Oil rose towards $89/bbl on Jan. 26, within sight of a seven-year high, supported by tight supply and geopolitical tensions in Europe and the Middle East that raise concerns about further disruption.
U.S. President Joe Biden said on Jan. 25 he would consider personal sanctions on President Vladimir Putin if Russia invades Ukraine. On Jan. 24, Yemen's Houthi movement launched a missile attack on a United Arab Emirates base.
“Anxiety over potential supply disruptions in the Middle East and Russia is providing bullish fodder for the oil market,” said Stephen Brennock of oil broker PVM.
Brent crude rose 61 cents, or 0.7%, to $88.81 at 0917 GMT. On Jan. 20 it reached $89.50, the highest since October 2014.
WTI crude in the U.S. was up 25 cents, or 0.3%, to $85.85.
“The market downside is limited due to heightened tensions between Russia and Ukraine and the threat to infrastructure in the UAE,” said Hiroyuki Kikukawa, general manager of research at Nissan Securities.
Underlining a tight supply and demand balance, the weekly U.S. inventory report from the American Petroleum Institute on Jan. 25 showed crude stocks fell by 872,000 barrels, market sources said.
The official Energy Information Administration (EIA) supply report is due at 1530 GMT.
Investors across the markets are also awaiting the update at 19000 GMT from the U.S. Federal Reserve.

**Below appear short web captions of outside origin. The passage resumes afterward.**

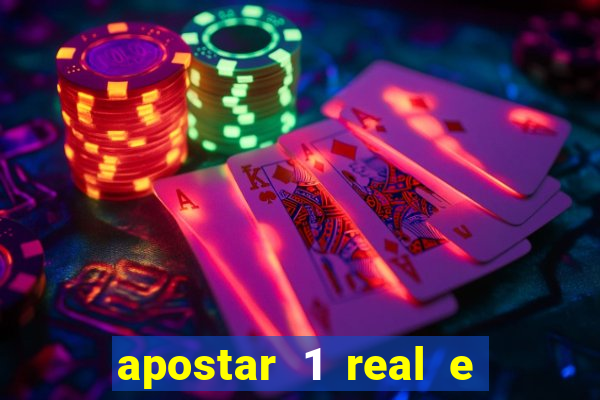 apostar 1 real e ganhar dinheiro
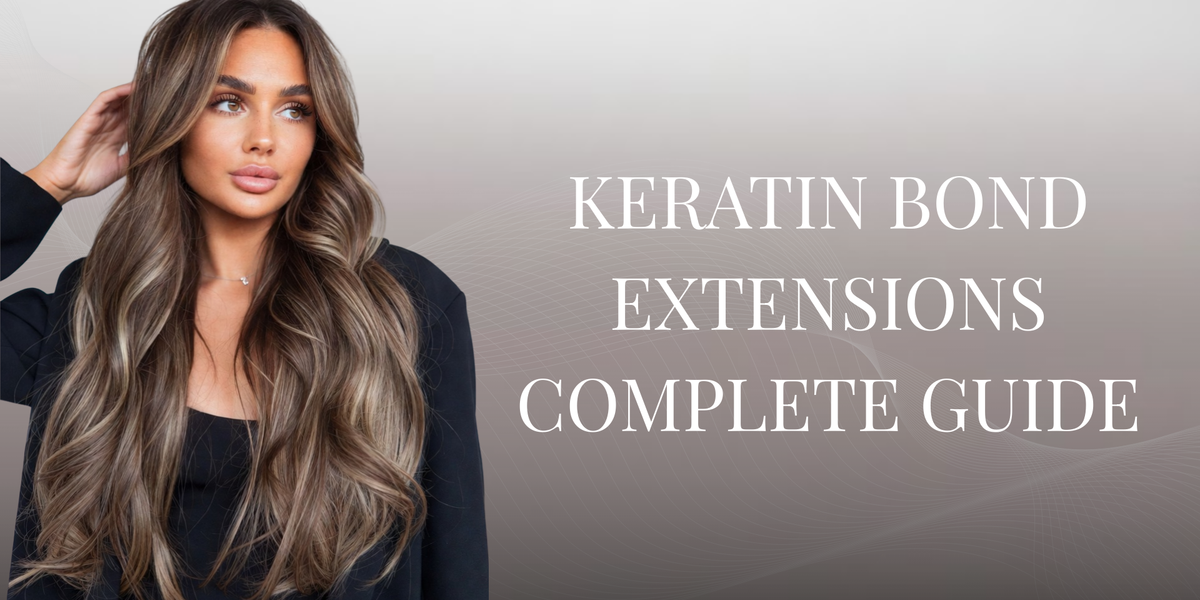 A Complete Guide to Keratin Bond Hair Extensions — Athena Hair Extensions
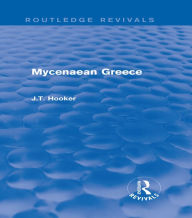 Title: Mycenaean Greece (Routledge Revivals), Author: John Hooker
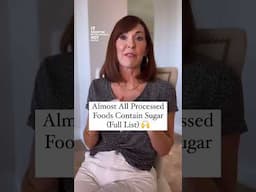 Almost All Processed Foods Contain Sugar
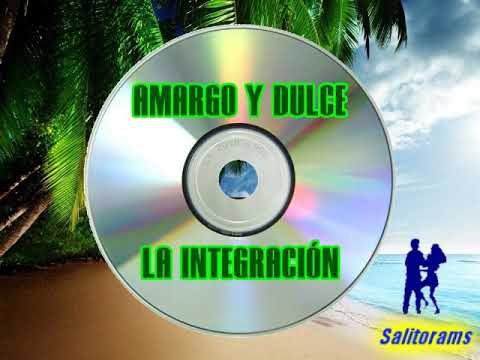 Amargo y Dulce - Orq. La Integración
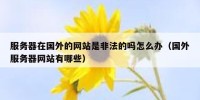 服务器在国外的网站是非法的吗怎么办（国外服务器网站有哪些）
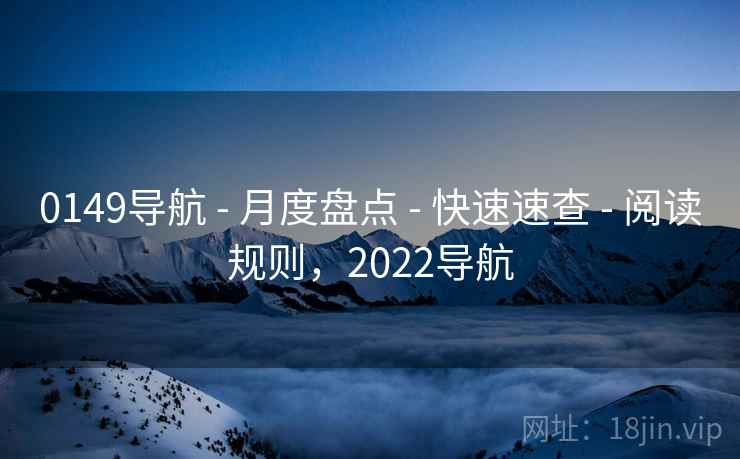 0149导航 - 月度盘点 快速速查 阅读规则，2022导航  第2张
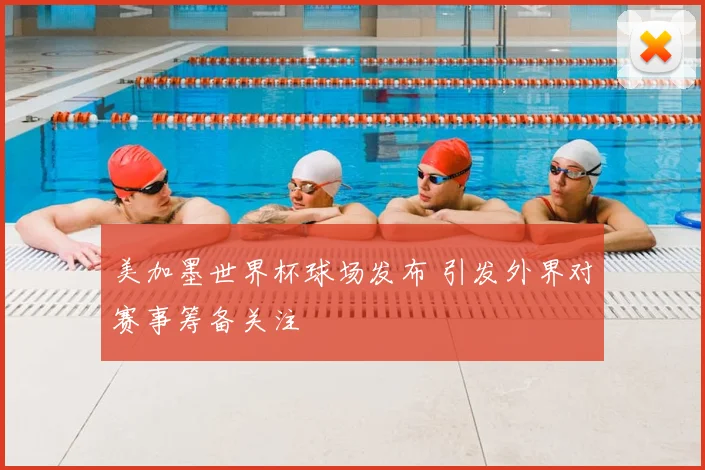 美加墨世界杯球场发布 引发外界对赛事筹备关注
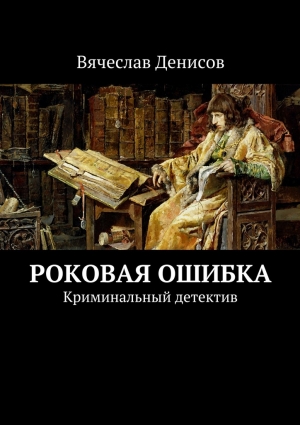 Денисов Вячеслав - Роковая ошибка. Криминальный детектив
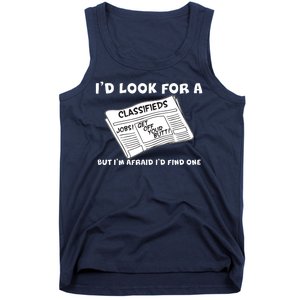 I'd Look For A Job But I'm Afaid I'd Fine One Tank Top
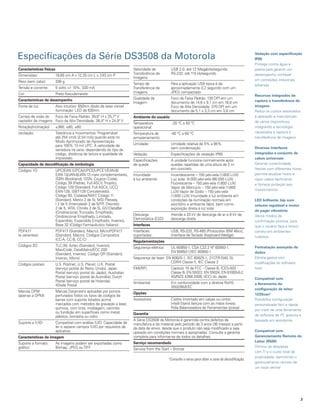 Especificações da Série DS3508 da Motorola                                                                                                             Vedação com especificação
                                                                                                                                                       IP65
                                                                                                                                                       Protege contra água e
Características físicas                                                  Velocidade de          USB 2.0: até 12 Megabits/segundo                       poeira para garantir um
                                                                         Transferência de       RS-232: até 115 kb/segundo                             desempenho confiável
Dimensões:                18,65 cm A x 12,25 cm L x 7 cm P
                                                     ,43
                                                                         Imagens:
Peso (sem cabo):          336 g                                                                                                                        em condições industriais
                                                                         Tempo de               Para a aplicação USB típica é de                       adversas
Tensão e corrente:        5 volts +/- 10%, 330 mA                        Transferência de       aproximadamente 0,2 segundo com um
Cor:                      Preto fosco/amarelo                            Imagens:               JPEG compactado
                                                                                                                                                       Recursos integrados de
Características de desempenho                                            Qualidade da           Foco de Faixa Padrão: 130 DPI em um
                                                                         Imagem:                documento de 14,6 x 9,1 cm em 16,8 cm                  captura e transferência de
Fonte de luz:             Alvo intuitivo: 650nm diodo de laser visível                          Foco de Alta Densidade: 370 DPI em um                  imagens
                          Iluminação: LED de 630nm                                              documento de 5,1 x 3,3 cm em 3,8 cm.                   Reduz os custos associados
Campo de visão do    Foco de Faixa Padrão: 39,6° H x 25,7° V             ambiente do usuário                                                           à operação e manutenção
captador de imagens: Foco de Alta Densidade: 38,4° H x 24,9° V                                                                                         de vários dispositivos,
                                                                         Temperatura             -20 °C a 50 °C
Rotação/inclinação/       ±360, ±60, ±60                                 operacional:                                                                  integrando a tecnologia
oscilação:                Tolerância a movimentos: Programável           Temperatura de         -40 °C a 60 °C                                         necessária à captura e
                          até 254 cm/s (2,54 m/s) quando está no         armazenamento:                                                                transferência de imagens
                          Modo Aprimorado de Apresentação
                          para 100% 13 mil UPC. A velocidade de          Umidade:               Umidade relativa de 5% a 95%
                          varredura irá varia, dependendo do tipo de                            sem condensação                                        diversas interfaces
                          código, distância de leitura e qualidade de    Vedação:               Especificações de vedação IP65                         integradas e conjunto de
                          impressão.                                                                                                                   cabos universais
                                                                         Especificações         A unidade funciona normalmente após
Capacidade de decodificação de simbologia                                de queda:              quedas repetidas de uma altura de 2 m                  Garante conectividade
Códigos 1D:               UPC/EAN (UPCA/UPCE/UPCE1/EAN-8/                                       em concreto                                            flexível com diferentes hosts,
                          EAN-13/JAN-8/JAN-13 mais complementares,       Imunidade              Incandescente – 150 pés-vela (1.600 LUX)               permite atualizar hosts e
                          ISBN (Bookland), ISSN, Coupon Code),           à luz ambiente:        Luz solar -8.000 pés-vela (86.000 LUX)                 repor cabos facilmente
                          Código 39 (Padrão, Full ASCII, Trioptic),                             Fluorescente – 150 pés-vela (1.600 LUX)                e fornece proteção aos
                          Código 128 (Standard, Full ASCII, UCC/                                Vapor de Mercúrio – 150 pés-vela (1.600
                          EAN-128, ISBT-128 Concatenado),                                                                                              investimentos
                                                                                                LUX) Vapor de Sódio – 150 pés-vela
                          Código 93, Codabar/NW7 Código 11
                                                    ,                                           (1.600 LUX) Imunidade à luz ambiente em
                          (Standard, Matriz 2 de 5), MSI Plessey,                               condições de iluminação normais em                     led brilhante, bip com
                          I 2 de 5 (Intercalado 2 de 5/ITF Discreto
                                                          ,                                     escritório e ambiente fabril, bem como                 volume regulável e motor
                          2 de 5, IATA, Chinês 2 de 5), GS1DataBar                              exposição direta à luz solar
                          (Onidirecional, Truncado, Empilhado,                                                                                         de pager vibratório
                                                                         Descarga               Atende a 20 kV de descarga de ar e 8 kV de             Vários modos de
                          Onidirecional Empilhado, Limitado,
                                                                         Eletrostática (ESD)    descarga direta
                          Expandido, Expandido Empilhado, Inverso),                                                                                    confirmação positiva, para
                          Base 32 (Código Farmacêutico Italiano)         Interfaces                                                                    que o usuário faça a leitura
PDF417                    PDF417 (Standard, Macro), MicroPDF417          Interfaces             USB, RS-232, RS-485 (Protocolos IBM 46xx),             correta em ambientes
(e variantes):            (Standard, Macro), Códigos Compostos           suportadas:            Interface de Teclado (Keyboard Wedge)                  ruidosos
                          (CC-A, CC-B, CC-C)
                                                                         Regulamentações
Códigos 2D:               TLC-39, Aztec (Standard, Inverso),                                                                                           Formatação avançada de
                                                                         Segurança elétrica:    UL 60950-1, CSA C22.2 Nº 60950-1,
                          MaxiCode, DataMatrix/ECC 200
                                                                                                EN 60950-1/IEC 60950-1                                 dados
                          (Standard, Inverso), Código QR (Standard,
                          Inverso, Micro)                                Segurança de laser: EN 60825-1, IEC 60825-1, 21CFR1040.10,                    Elimina gastos com
                                                                                               CDRH Classe II, IEC Classe 2                            modificações do software
Códigos postais:          U.S. Postnet, U.S. Planet, U.K. Postal
                          (serviço postal do Reino Unido), Japan         EMI/RFI:               Capítulo 15 da FCC - Classe B, ICES-003 -              host
                          Postal (serviço postal do Japão), Australian                          Classe B, EN 55022, EN 55024, EN 61000-6-2,
                          Postal (serviço postal da Austrália), Dutch                           AS/NZS 4268:2008, VCCI do Japão                        Compatível com
                          Postal (serviço postal da Holanda),            Ambiental:             Em conformidade com a diretiva RoHS
                          4State Postal                                                                                                                a ferramenta de
                                                                                                2002/95/EEC
                                                                                                                                                       configuração de leitor
Marcas DPM                Marcas Datamatrix aplicadas por pontos         opções
(apenas a DPM):           perfurados Todos os tipos de códigos de                                                                                      123Scan2
                          barras com suporte listados acima.             Acessórios:            Coldre (montado em calças ou cinto);                   Possibilita configuração
                          marcados com métodos de gravação a laser,                             Intelli-Stand (leitura com as mãos livres);            personalizada fácil e rápida
                          química, com tinta, moldagem, carimbo                                 Polia Balanceadora de Ferramentas (presa)
                                                                                                                                                       por meio de uma ferramenta
                          ou fundição em superfícies como metal,         Garantia
                          plástico, borracha ou vidro.                                                                                                 de software de PC gratuita e
                                                                         A Série DS3508 da Motorola é garantida contra defeitos de                     baseada em assistente.
Suporte a IUID:           Compatível com análise IUID. Capacidade de     manufatura e de material pelo período de 3 anos (36 meses) a partir
                          ler e separar campos IUID por requisitos de    da data de envio, desde que o produto não seja modificado e seja
                          aplicativo                                     operado em condições normais e apropriadas. Consulte a garantia               Compatível com
Características da imagem                                                completa para informar-se de todos os detalhes.                               Gerenciamento Remoto do
                                                                         Serviço recomendado                                                           leitor (RSM)
Suporte a formato         As imagens podem ser exportadas como
gráfico:                  Bitmap, JPEG ou TIFF                                                                                                         Diminui as despesas
                                                                         Service from the Start – Bronze
                                                                                                                                                       com TI e o custo total de
                                                                                                                                                       propriedade, permitindo o
                                                                                               *Consulte o verso para obter a zona de decodificação.
                                                                                                                                                       gerenciamento remoto de
                                                                                                                                                       um local central




                                                                                                                                                                                      3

The Fed is expected to signal plans to raise interest rates in March as it focuses on fighting inflation.
In another key development, OPEC and allies, known as OPEC+, meets on Feb. 2 to consider another output increase.
OPEC+ has been gradually unwinding 2020’s record output cuts, raising its monthly target by 400,000 bbl/d, though the actual increase in supply has fallen short of that as some countries struggle to raise production.